Antonino Maggio, National Institute for Health, reviewed the existing legislation by invoking the need – even in the case of materials such as inks not subject to specific regulations – that products are manufactured respecting the general rulings, more specifically EC Regulation 1935/2004 and EC Regulation 2023/2006.
Valter Rocchelli, Ircpack, explained that validating an ink and/or a print job entails demonstrating that the finished object is in accordance with standards in force governing food contact materials.
To demonstrate that the packaging will not yield anything dangerous from an organoleptic and toxicological standpoint one however must go beyond the analytical tests laid down by law for each single material. This means that risk assessment through sensory and instrumental analysis must be carried out. He then presented an applicative example of "low migration" offset ink which revealed no criticalities.
Rocchelli drew attention to the fact that the GC/MS methods are highly sensitive but do not detect compounds with high molecular weight analysable with other techniques (HPLC/DA, HPLC/MS, HPLC/MS/MS).
You have to know what you are looking for and what has been put in the ink (or in the adhesive). Along these lines a greater collaboration with raw materials producers is essential (if need be including confidentiality agreements).

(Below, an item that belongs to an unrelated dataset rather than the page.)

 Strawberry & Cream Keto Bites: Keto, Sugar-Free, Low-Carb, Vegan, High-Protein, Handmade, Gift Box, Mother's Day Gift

Maurizio Bonuomo, for the occasion representing Aidepi, brought to bear the point of view of the food industry. The fundamental aim must be to increase the knowledge on materials and their interaction with food, being aware of the fact that all the components of the food chain must consider safety as their first priority.
Food safety cannot only be obtained by legal rulings or by controls, but by implementing tools such as risk assessment. Here the industry plays a highly important role in improving communication, transparency and cooperation.
"Designing safe packaging: Best Practice Guide" is an interesting and well-devised publication brought out by Sun Chemical. This is a guide for printing food packaging with conventional offset and UV and EB curing inks and varnishes. We recommend it as essential reading.